Красота пейзажей завораживала. Константин сожалел, что не догадался попросить принимающую сторону о воздушной экскурсии: он не отказался бы взглянуть на Запретный город с высоты птичьего полета.
Ему пришло в голову, что кто-то из предков Лин Цзе был большим поклонником «Волшебника Страны Оз». Или Изумрудного города: Константин читал оба варианта, но русский ему нравился больше. Как бы то ни было, каждый из секторов имел свой собственный цвет, причем это выражалось даже в одежде и окраске его обитателей.
Например, часть, которую великий князь про себя окрестил «Желтой», была заполнена цветами и деревьями с лепестками и листьями всех оттенков этого цвета. Вымощенные лимонным камнем дорожки во всех направлениях пересекали лужайки, заросшие золотистой травой. В этой траве нежились великолепно-солнечные львы. Кару кланялись люди в одежде из желтого шелка. На медовой коряге важно восседал удивительно крупный удод. И Константин готов был поклясться, что слышит пение иволги.
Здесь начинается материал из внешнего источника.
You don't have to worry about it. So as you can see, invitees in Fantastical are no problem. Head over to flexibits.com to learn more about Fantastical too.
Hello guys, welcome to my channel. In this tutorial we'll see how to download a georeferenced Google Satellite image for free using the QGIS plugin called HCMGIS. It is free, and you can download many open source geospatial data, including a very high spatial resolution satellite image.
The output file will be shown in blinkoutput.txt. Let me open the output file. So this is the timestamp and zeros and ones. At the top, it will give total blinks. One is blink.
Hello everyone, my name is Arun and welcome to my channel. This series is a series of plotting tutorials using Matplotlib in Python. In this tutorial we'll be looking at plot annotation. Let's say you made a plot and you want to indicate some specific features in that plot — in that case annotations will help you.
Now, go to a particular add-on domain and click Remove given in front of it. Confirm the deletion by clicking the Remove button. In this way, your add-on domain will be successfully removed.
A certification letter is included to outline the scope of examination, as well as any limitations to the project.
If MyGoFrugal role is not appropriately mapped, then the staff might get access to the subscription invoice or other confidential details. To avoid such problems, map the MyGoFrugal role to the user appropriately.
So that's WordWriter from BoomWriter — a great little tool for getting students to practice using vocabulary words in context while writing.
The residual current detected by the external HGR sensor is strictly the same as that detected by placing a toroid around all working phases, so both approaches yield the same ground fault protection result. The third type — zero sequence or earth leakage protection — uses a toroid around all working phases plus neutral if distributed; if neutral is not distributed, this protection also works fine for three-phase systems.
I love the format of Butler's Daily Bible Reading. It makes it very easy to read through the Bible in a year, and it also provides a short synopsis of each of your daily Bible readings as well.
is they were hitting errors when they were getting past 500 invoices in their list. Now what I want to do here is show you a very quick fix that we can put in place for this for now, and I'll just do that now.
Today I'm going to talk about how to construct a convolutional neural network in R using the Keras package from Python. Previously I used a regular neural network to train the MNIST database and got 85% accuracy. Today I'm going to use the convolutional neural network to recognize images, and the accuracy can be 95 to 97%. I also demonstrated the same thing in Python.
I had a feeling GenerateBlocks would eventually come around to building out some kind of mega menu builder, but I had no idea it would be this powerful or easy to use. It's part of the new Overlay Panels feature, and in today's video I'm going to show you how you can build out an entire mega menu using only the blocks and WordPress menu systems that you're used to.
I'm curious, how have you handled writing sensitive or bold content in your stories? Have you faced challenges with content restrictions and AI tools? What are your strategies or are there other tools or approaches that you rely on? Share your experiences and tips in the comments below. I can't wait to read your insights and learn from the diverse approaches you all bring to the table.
Кар скользнул в просвет, обнаружившийся в плотной стене белоствольных буков, и картина разительно изменилась. Неожиданная здесь, березовая рощица словно светилась изнутри. Белесая трава казалась покрытой инеем. В центре явно накрытого силовым полем озерца на засыпанном самым настоящим снегом островке предавался лени полярный медведь. За холмом, покрытым вывезенными с Алабамы уайткэтами, располагался пруд, заросший белыми водяными лилиями с почти прозрачными лепестками. Там, где не было цветов, по зеркальной глади величаво скользили силуэты лебедей. Двойные силуэты, потому что каждой птице сопутствовало ее отражение. А на противоположном берегу пруда сидел в белом кресле под белым навесом хозяин всего этого великолепия, кормивший с руки белоснежного павлина.
Кар опустился поблизости от навеса, и Константин вышел на белый песок. Одетый в белое — конечно же! — слуга подал императору платок, которым тот вытер руки, и повелительно поцокал языком. Павлин развернул хвост в ослепительный веер, презрительно покосился на пришельца и удалился, а Лин Цзе поднялся на ноги и приветствовал гостя легким поклоном.